San Francisco, USA, September 9, 2017: Television is one of the few screens that has Apple hasn’t conquered, but that may soon change. The world’s richest company appears ready to aim for its own Emmy-worthy programming along the lines of HBO’s Game of Thrones and Netflix’s Stranger Things.

Apple lured longtime TV executives Jaime Erlicht and Zack Van Amburg away from Sony Corp. in June and has given them $1 billion to spend on original shows during the next year, according to a Wall Street Journal report quoting unnamed people.

The programming would be available only on a subscription channel, most likely bundled with the company’s existing Apple Music streaming service. Apple declined to comment.

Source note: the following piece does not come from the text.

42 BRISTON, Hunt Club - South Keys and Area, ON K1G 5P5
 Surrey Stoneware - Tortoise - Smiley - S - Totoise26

While $1 billion is a lot of money, it’s a drop in the bucket for Apple and its $262 billion cash hoard. But it’s still enough to vault Apple into the top tier of tech-industry outsiders producing their own slates of television shows.

iTunes came first

Hollywood has long shuddered at the thought of Apple training its sights on TV the way it once did on the music business.

Almost 15 years ago, Apple’s then-CEO Steve Jobs convinced record labels to let the company sell digital music on its iTunes store for 99 cents a single, a deal the music industry was happy to take in the face of growing music piracy enabled by Napster. Over time, though, Apple’s dominance in digital music chafed music executives, who saw the company siphoning off a chunk of their profits.

Movies and television have proven much harder for Apple to crack. The company’s interest in transforming television has been an open secret for years, but Hollywood has so far spurned Apple’s efforts to make itself an indispensable digital middle man for video.

In a way, Netflix beat Apple to the punch with its groundbreaking video streaming service. Launched in 2007, that service pioneered “binge watching” of entire TV seasons on any device with an internet connection. That gave new life to existing shows such as Breaking Bad, whose creator credits Netflix with its survival, and spawned the creation of other series tailor-made for bingeing.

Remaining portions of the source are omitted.